# WORK TO BE COMPLETED:
Using the data below, reproduce exactly the lines from the line with "Cristina Crippa e" to the line with "Schlafzimmer von Wohnung", both included; pictures must be dropped.

# INPUT MATERIAL:
_ _ _ _

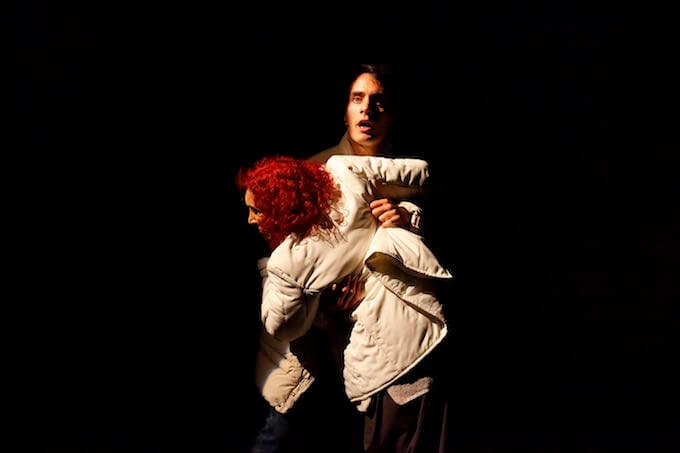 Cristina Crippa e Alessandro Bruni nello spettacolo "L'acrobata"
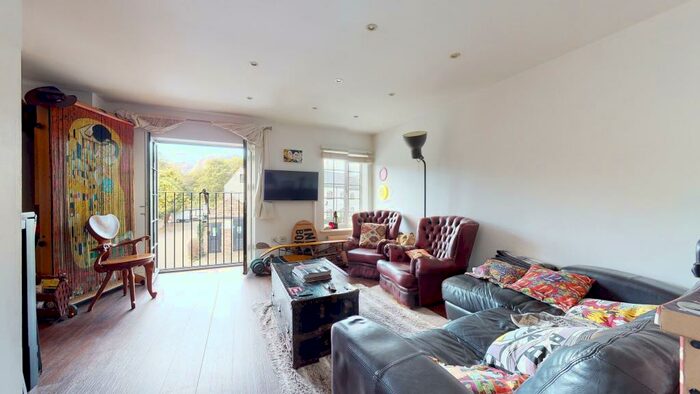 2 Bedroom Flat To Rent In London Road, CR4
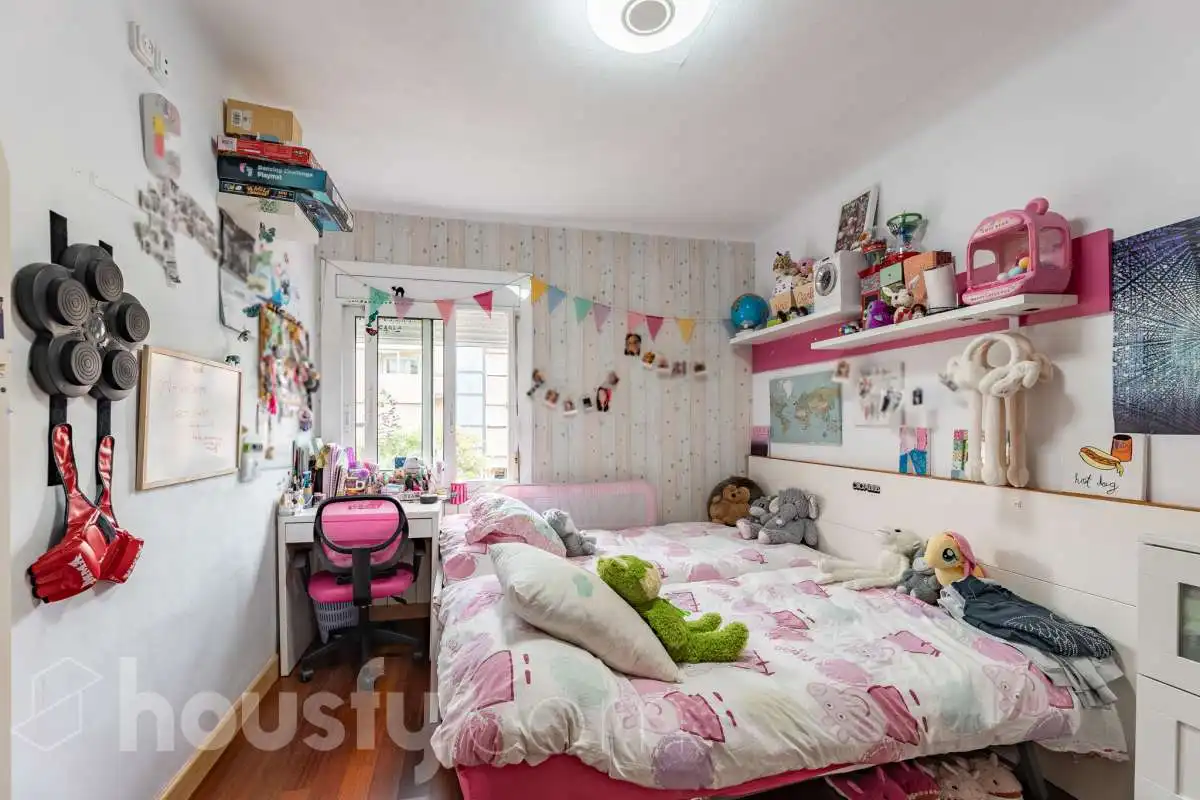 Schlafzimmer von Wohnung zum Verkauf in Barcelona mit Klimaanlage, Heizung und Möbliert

_ _ _ _

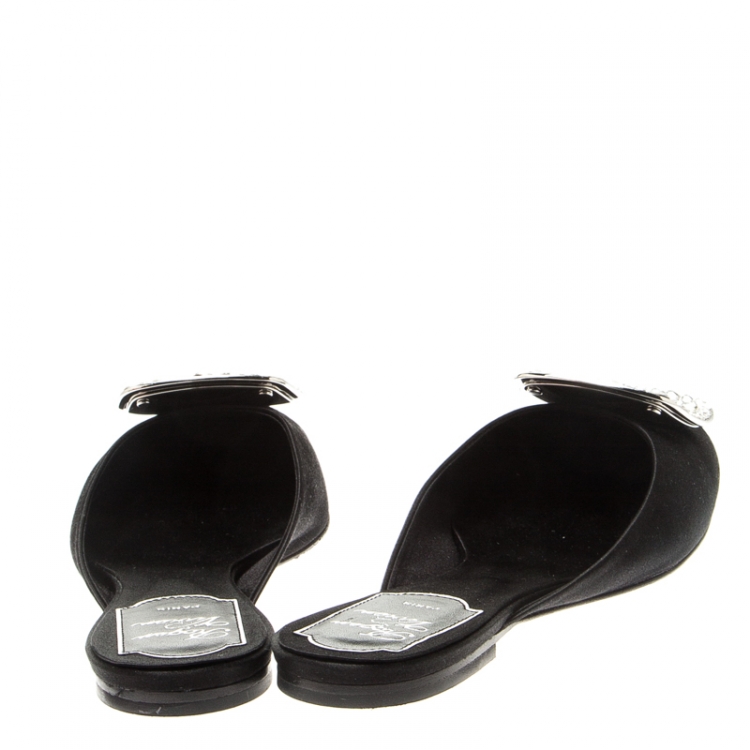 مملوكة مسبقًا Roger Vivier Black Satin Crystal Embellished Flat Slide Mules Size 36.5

_ _ _ _

# COMPLETED TASK:
 Cristina Crippa e Alessandro Bruni nello spettacolo "L'acrobata"
 2 Bedroom Flat To Rent In London Road, CR4
 Schlafzimmer von Wohnung zum Verkauf in Barcelona mit Klimaanlage, Heizung und Möbliert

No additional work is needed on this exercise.